The couple had previously been living in a 1910 villa at the bottom of the hill a few streets away. Rainy nights would see them lying awake, hoping for no water damage. Knowing they didn’t want to stay there forever, Fiona spotted a house for sale — a villa built in 1905, but this time at the top of the hill on a flat section. They viewed it on a Thursday and won the auction on the Saturday.
After living in the “almost unliveable” house for four years, they were financially ready to renovate. Fiona, an experience designer, and business-owner Michael called on friend and interior designer Jessica White of Room By Room to draw up some plans. They then turned to another friend, builder Glynn Hogg, to bring her ideas to life.

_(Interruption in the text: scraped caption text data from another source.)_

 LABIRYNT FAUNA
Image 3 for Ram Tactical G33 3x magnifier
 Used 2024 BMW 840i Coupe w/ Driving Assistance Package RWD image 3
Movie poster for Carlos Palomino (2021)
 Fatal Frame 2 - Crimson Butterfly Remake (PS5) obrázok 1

Beyond the villa’s modest frontage, there’s a hallway with a 3.10m stud height that exudes grandeur. The team kept three of the existing bedrooms where they were and turned the fourth into a living area, removing a wall to link it with the kitchen and a play nook for the couple’s daughters, Violette (5) and Evie (2). The bathroom was relocated and an ensuite created.

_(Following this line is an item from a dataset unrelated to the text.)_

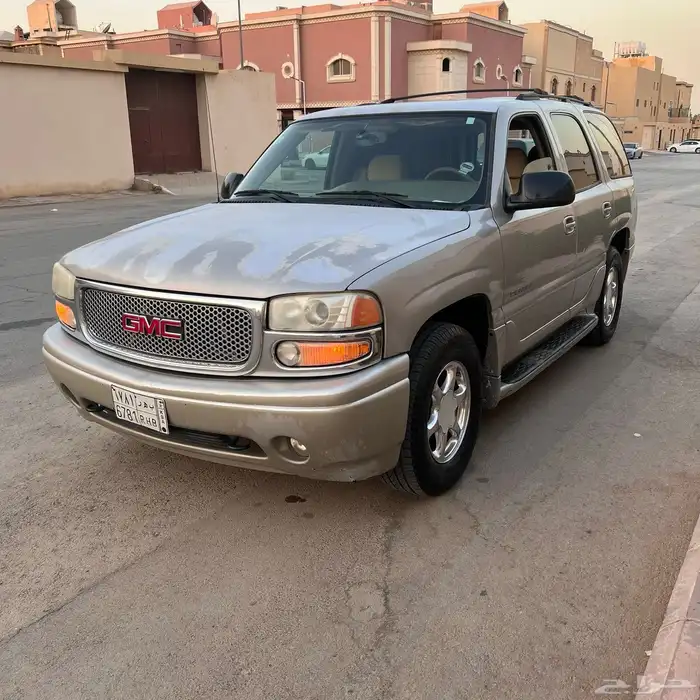 جمس يوكن 2006 وكاله كامل 2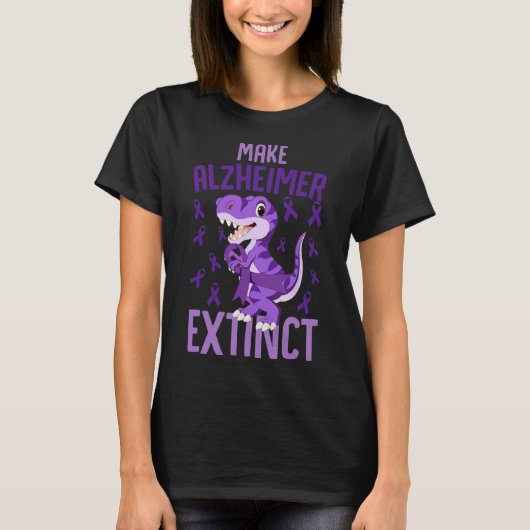 Einde Heimer Maak Heimerheimer Uitgestorven Heimer T-shirt (Voorkant)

While she was deciding on the look for the interior, Fiona was working on mood boards for a client. “One summed up my old aesthetic: bright and clashing. But with children, you end up with so many bright toys and clothes, so the other mood board, which was more pared back, was what appealed. I used to want my home to be energetic; now we need it to be calm. My job is to understand how people live, what motivates them, what their struggles are and where we can design new ways, and here it was about how to make the house easy to live in, enjoyable and not over-designed. It was about how this space works for us.”

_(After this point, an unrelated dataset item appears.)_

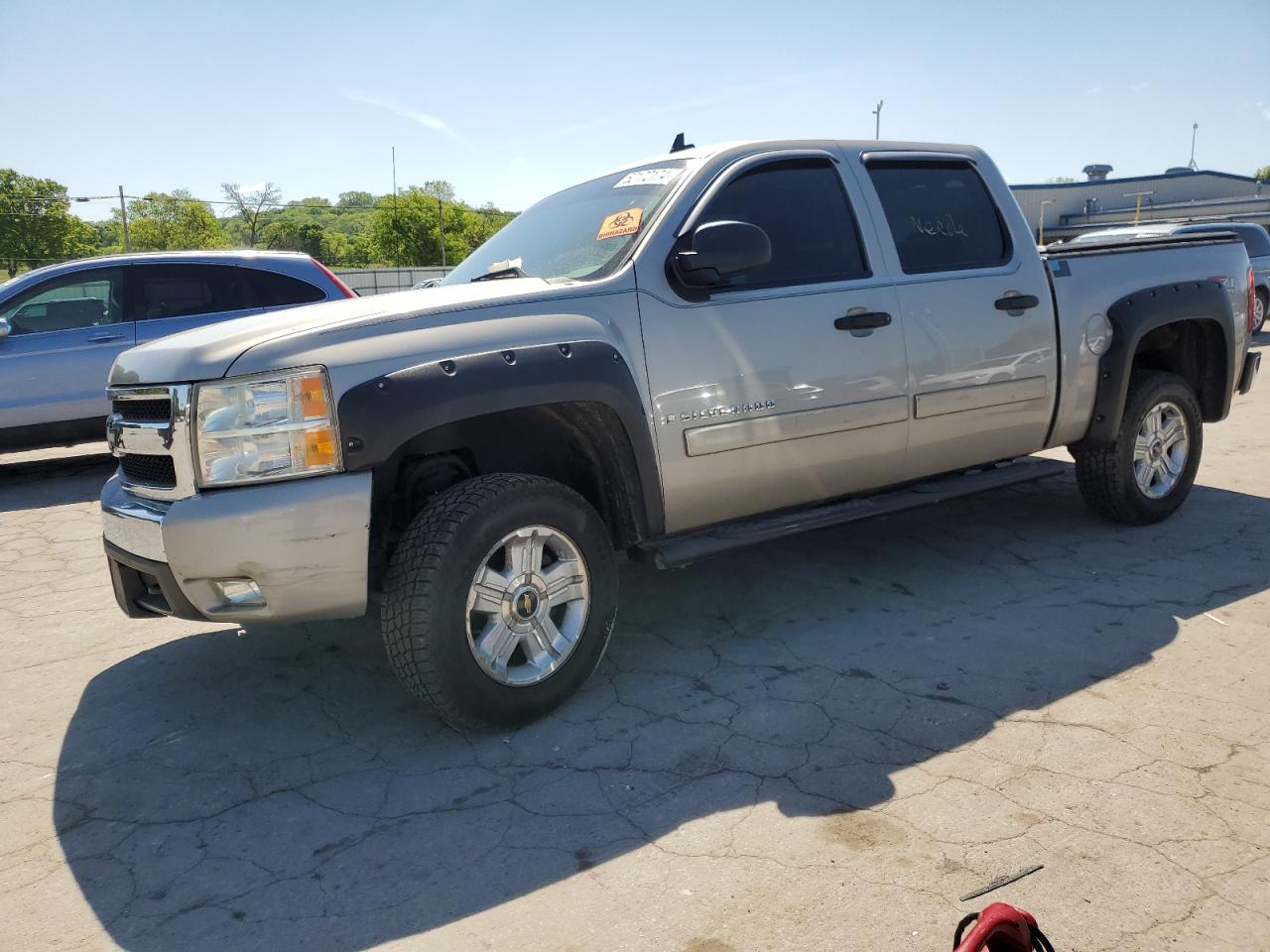 CHEVROLET SILVERADO 2008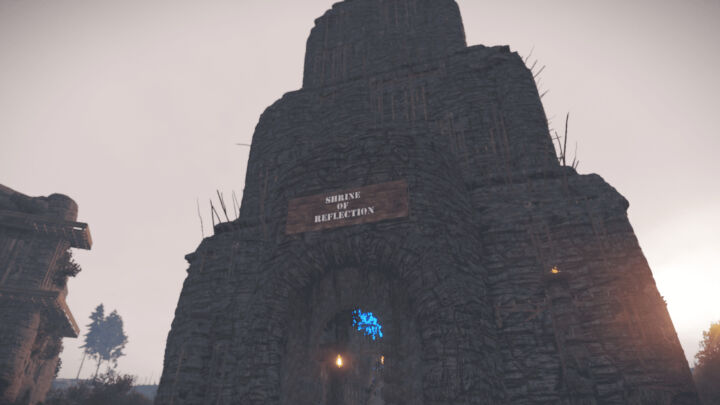 Rust Shrine of Reflection All Products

To that end, the kitchen was placed in the most extensive space in the house. “We’re in there more than we are anywhere else in our home,” says Fiona.
The kitchen flows through the girls’ nook to the “grown-ups’ lounge”, with its walls drenched in a dark grey-blue. “The children don’t tend to use this space,” says Fiona. “At night, it’s easy for Michael and I to shut the doors, hide the mess away and pull the screen down to watch movies.”
The bathrooms are fitted with brass tapware that will develop a patina over time, and rounded sinks that are velvety to the touch. “It comes back to everything in the house feeling nice,” says Fiona. “It’s the same with the wall tiles — they’re matte, and we like the uniformity of their square grid.”
Among the home’s most celebrated new features is the deep, curved, limestone-resin bath that sits beneath the main bathroom’s pink ceiling. “I like to come in here in the evening and light candles, which makes the room glow pink,” says Fiona. “It’s heavenly — like being in a spa.” Michael’s more likely to be found on the covered deck, stoking up the woodfired barbecue, a key part of his vision for the home. “He cooks out there a lot,” says Fiona. “After dinner, the girls toast marshmallows and we sit and chat. There’s something about fire and water — they take you back to what’s important.”